Exercise prompt: Each record below is to be copied word for word, with pictures removed.

Materials provided:

╭──

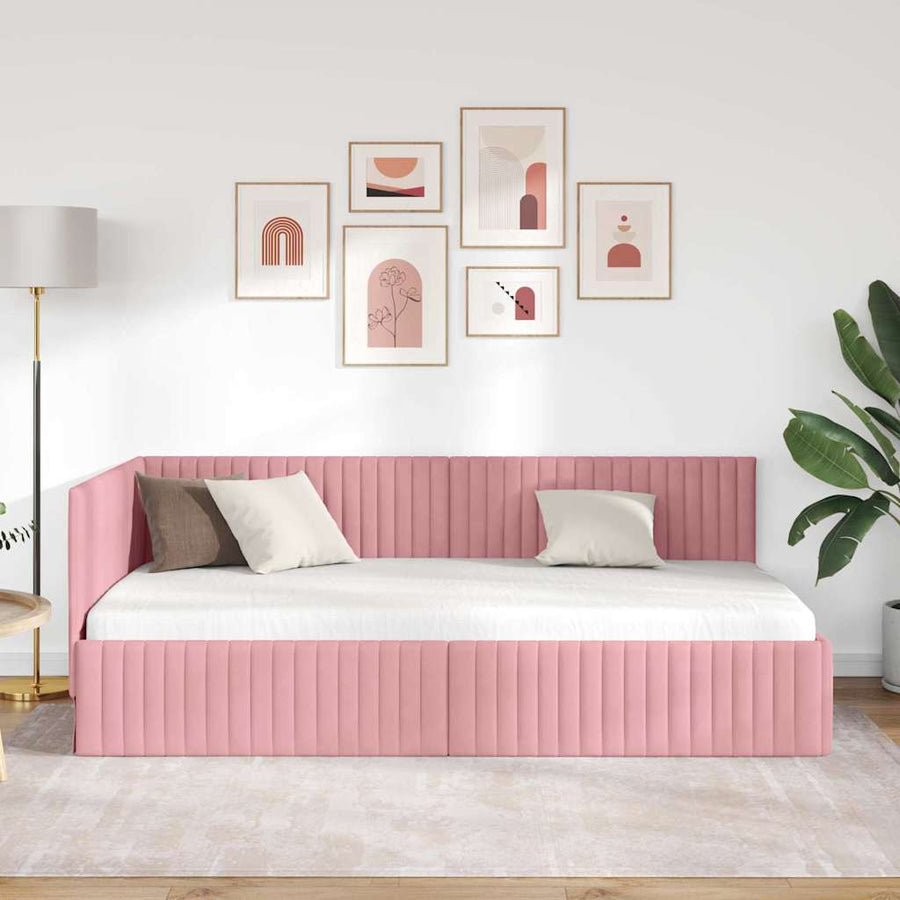 Hoekbedframe met hoofdeinde Roze 100 cm x 200 cm Fluweel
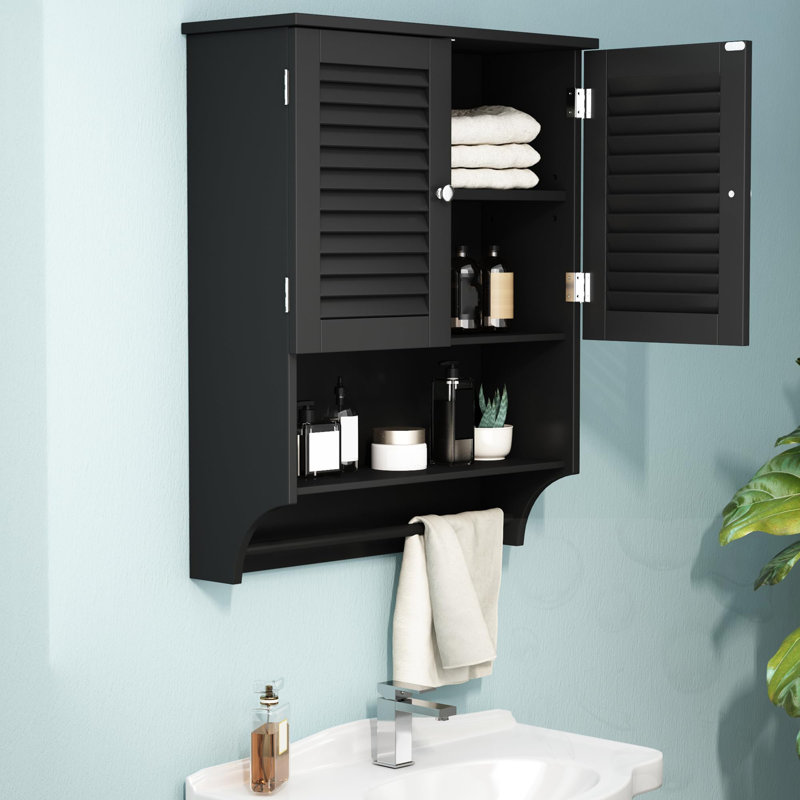 Armoire de salle de bain murale avec portes à persiennes, tablettes réglables et barre à serviettes, Noir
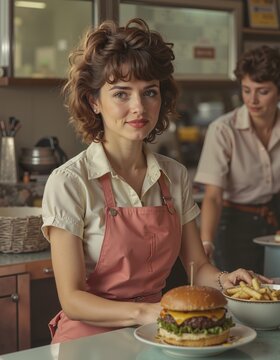 Caucasian female waitress serving burger and fries in vintage diner with retro decor
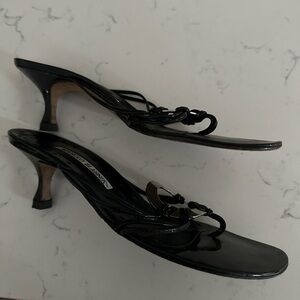 Manolo Blahnik Black Strappy Heels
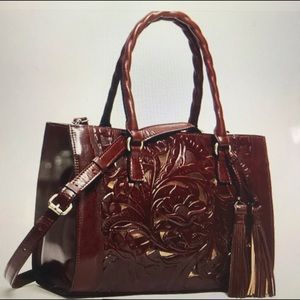 Stunning leather Primrose satchel with crossbody strap and dust bag.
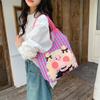 2025 New Korean Plaid Shoulder Tote for Women - Large Capacity Vest Design for Students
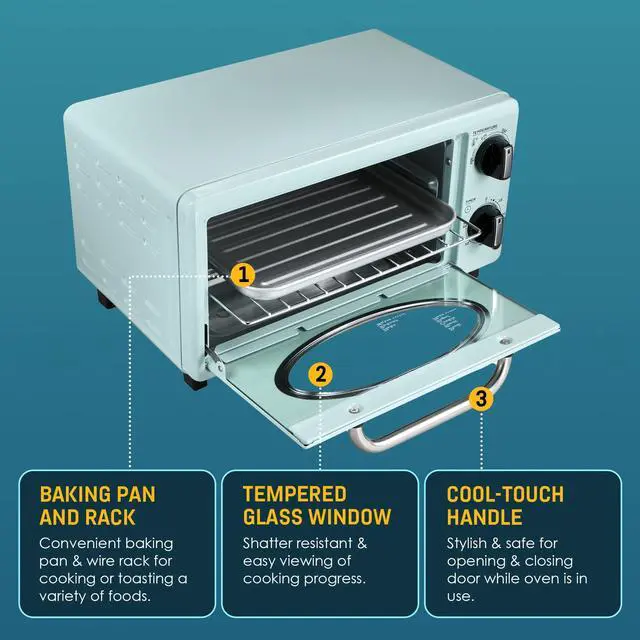 Alt view image 5 of 7 - by Maximatic Americana Collection ETO147M Diner 50s Retro Countertop Toaster oven, Bake, Toast, Fits 8 Pizza, Temperature Control & Adjustable 60-Minute Timer 1000W, 2 Slice, Mint
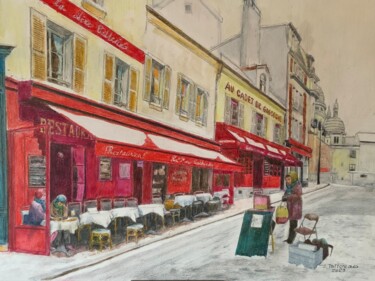 Peinture intitulée "IL NEIGE PLACE DU T…" par Jacques Tafforeau, Œuvre d'art originale, Aquarelle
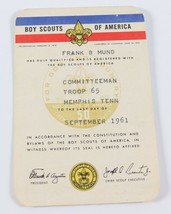 Vintage 1961 Committeeman Troop 65 Memphis Tenn. Membership Card Boy Sco... - $11.57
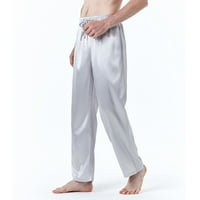 YieVot мъжки йога панталони Просвет дишащ удобна пижама панталони средна талия на талията еластична талия панталони сиви xxl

╰──

Exercise result:
 Hoekbedframe met hoofdeinde Roze 100 cm x 200 cm Fluweel
 Armoire de salle de bain murale avec portes à persiennes, tablettes réglables et barre à serviettes, Noir
 Caucasian female waitress serving burger and fries in vintage diner with retro decor
 Manolo Blahnik Black Strappy Heels
 Stunning leather Primrose satchel with crossbody strap and dust bag.
 2025 New Korean Plaid Shoulder Tote for Women - Large Capacity Vest Design for Students
 Alt view image 5 of 7 - by Maximatic Americana Collection ETO147M Diner 50s Retro Countertop Toaster oven, Bake, Toast, Fits 8 Pizza, Temperature Control & Adjustable 60-Minute Timer 1000W, 2 Slice, Mint
 Peinture intitulée "IL NEIGE PLACE DU T…" par Jacques Tafforeau, Œuvre d'art originale, Aquarelle
 Vintage 1961 Committeeman Troop 65 Memphis Tenn. Membership Card Boy Sco... - $11.57
 YieVot мъжки йога панталони Просвет дишащ удобна пижама панталони средна талия на талията еластична талия панталони сиви xxl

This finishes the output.